The scientific name of this plant is Crambe maritima, while the common names are Sea Kale, Scurvy Grass, Crambe, and Halmyrides. Sea kale is a member of Brassicaceae family (the Brassica, Crucifer, or Broccoli family). This plant is an attractive, yet edible, landscaping plant. 

The plant actually grows in a mound composed of dark, green crinkly leaves. When it is cooked, the leaves have a delicate kale or cabbage-like flavor. Actually the young leaves are preferred for consumption as the foliage become tougher as it ages. Apart from culinary uses, it is the blossoms which provide the greatest appeal for greater sea kale. Sea Kale plant can grow to a height of about 70 inches (180 cm.), with multitudes of tiny white “baby’s breath-like” flowers that appear on the fine branches which give the plant a bush-like presence for about 3 weeks in early to mid-summer.

Like I said earlier, the sea kale plant is a member of the Brassicaceae family. Sea kale is native perennial of Afghanistan and Iran and it does not grow in the sea, however they are found on steppes and barren, rocky land. All through the periods of low rainfall, the mature sea kale plants can able to withstand periods of drought. Many parts of the Sea kale plant are edible, including the newly sprouted shoots, roots and flowers.

 How to grow this plant
This plant has a large taproot, therefore only the young seedlings transplant well.
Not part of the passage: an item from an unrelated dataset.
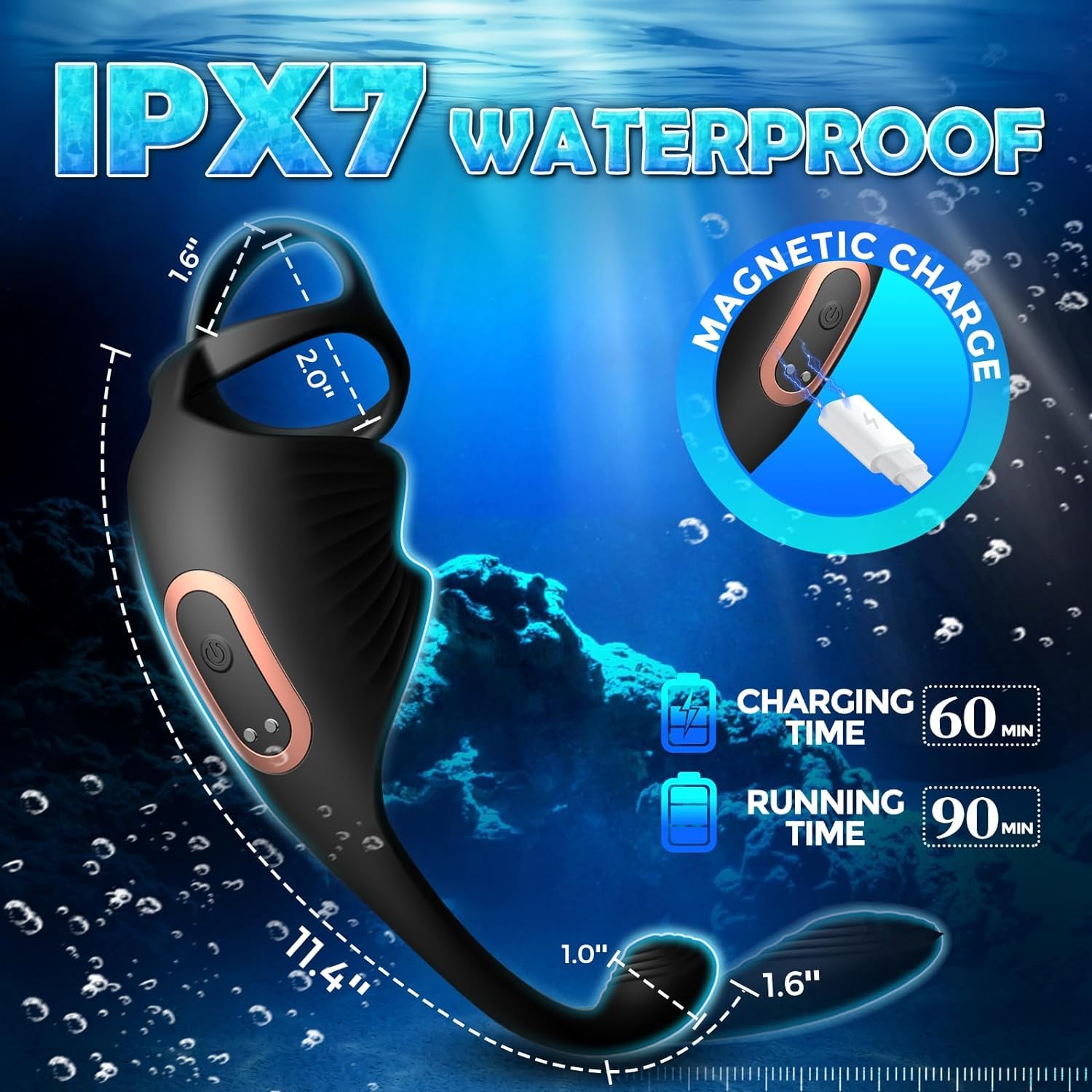 Vibrador Anal Dildo Estimulador Prostata con Anillo Vibrador, Plug Anal Vibradores para Hombres, Consoladores.. para hombre con vibración, Vibradorador Hombre Juguetes Eróticos para Pareja Sexuales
The Sea kale plant seeds can be sowed outdoors in early spring. The germination is slow, therefore starting the seeds in a cold frame or pots is recommended. You can transplant the seedlings to their permanent home when they are about four inches (10 cm.) tall. The Sea kale plant prefers full sun but they also tolerate light shade. The plant tolerates most soil types and they can be grown in sandy, loamy, clay or saline ground but they prefers moist, well-draining neutral to alkaline soils. Make sure you choose a sheltered location away from strong winds with adequate rainfall. The Sea kale plant is frost tolerant and hardy to USDA zones 5-8. 
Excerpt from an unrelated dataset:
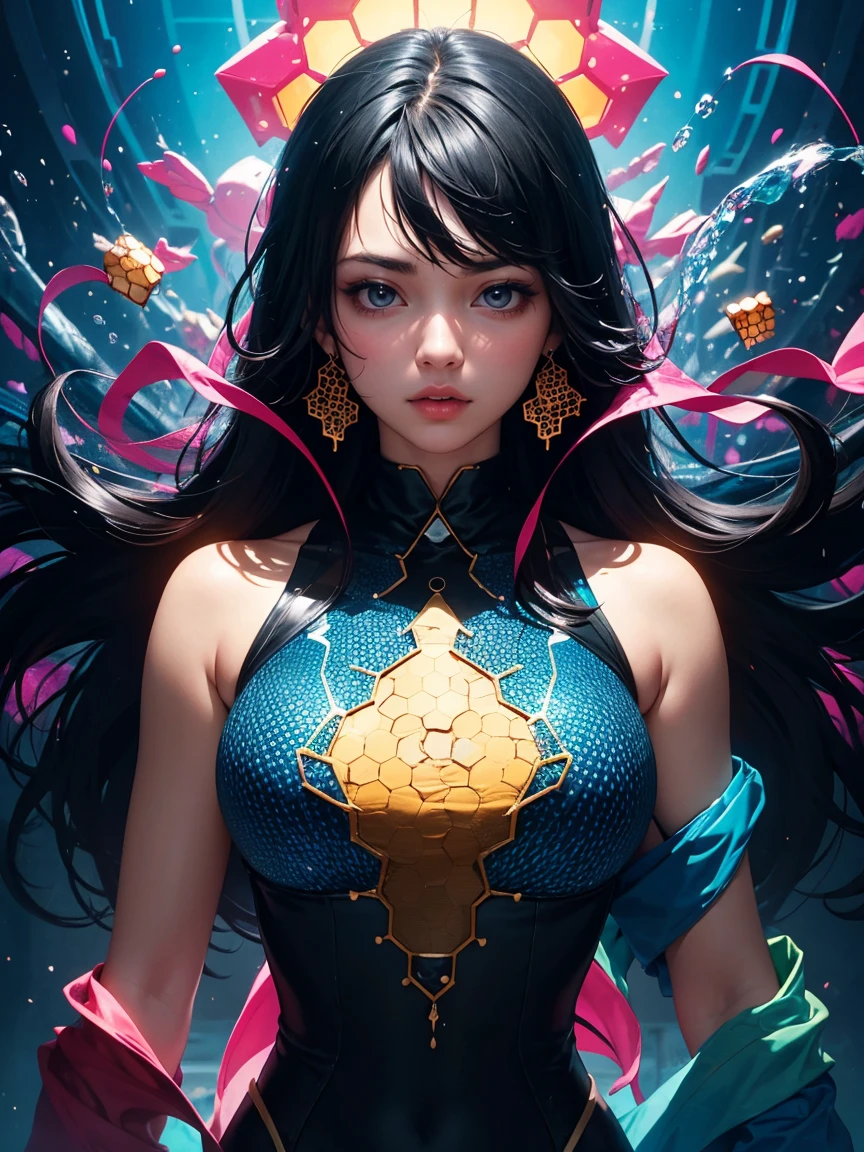 masterpiece,Highest quality,One person,Upper Body,Splash,Abstract,psychedelic,neon,(Honeycomb Pattern),(creative:1.3),sy3,CPA,Fantasy 00d,Long Black Hair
The plant dislikes and also performs poorly with the heat and humidity levels found in the deep south of the United States. Because of its taproot, is among one of the perennial plants that does not do well with traditional methods of root propagation. To divide, you can dig up the entire root in the early spring or fall. Try and make sure each division has at least one growing point. You can plant the larger sections directly into their permanent home, while the smaller ones can be potted and placed in a cold frame. There a lot of gardeners who find sea kale plant fairly easy to grow. Caterpillars and slugs can be a problem to the young plants. As the plant begins to reach their mature height, the plant growing habits sometimes require the plants to be staked.